The Blackwood brothers, said the part of her that had learned, in twenty-three years, that nothing that costly ever came free.

She went home. She sat on her bed. She looked at the papers on the kitchen counter from across the apartment until the numbers blurred.

At 2:47 in the morning, Eva Santos made a decision.

She would say yes.

God help her.

She would say yes.

***

At 4:16 AM, she walked to her window and looked out at the city....New York at its quietest, the brief window between the nightlife dying and the morning shift waking up. Somewhere out there, in a mansion she'd never seen, three men were waiting for her answer.

The Blackwood brothers.

Feared. Dangerous. The kind of men who broke women and didn't lose sleep over it.

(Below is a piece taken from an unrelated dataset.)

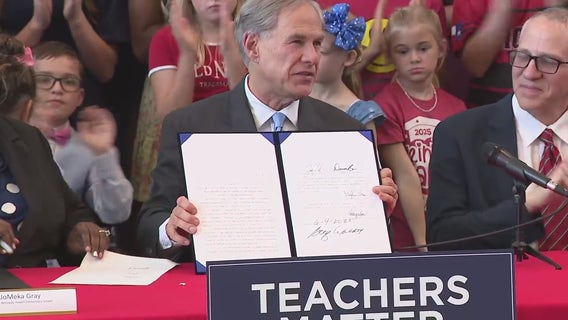 Gov. Abbott signs bill to provide $8.5B for Texas public schools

And she was going to say yes.

Because her mother was dying and two million dollars could save her and there was nothing, nothing Eva wouldn't trade for that.

Not her dignity.

Not her safety.

Not six months of her life with three predators who'd looked at her like they'd already decided she belonged to them.

Eva pulled out her phone and typed an email to Kenneth before she could change her mind.

To: [email protected]

Subject: Re: Contract Offer

Time: 4:31 AM

Kenneth,

I'll sign.

Let them know I accept their offer.

- Eva

She hit send before her courage failed.

Then she set her phone face-down on the counter and walked to her bed and lay down fully dressed because undressing felt like too much effort.

She'd just agreed to six months with three dangerous men for two million dollars.

She'd just saved her mother's life.

She'd just sold herself to predators.

All three of those things were true.

Eva closed her eyes and waited for regret that didn't come....just exhaustion and resignation and the grim satisfaction of knowing she'd done what needed to be done.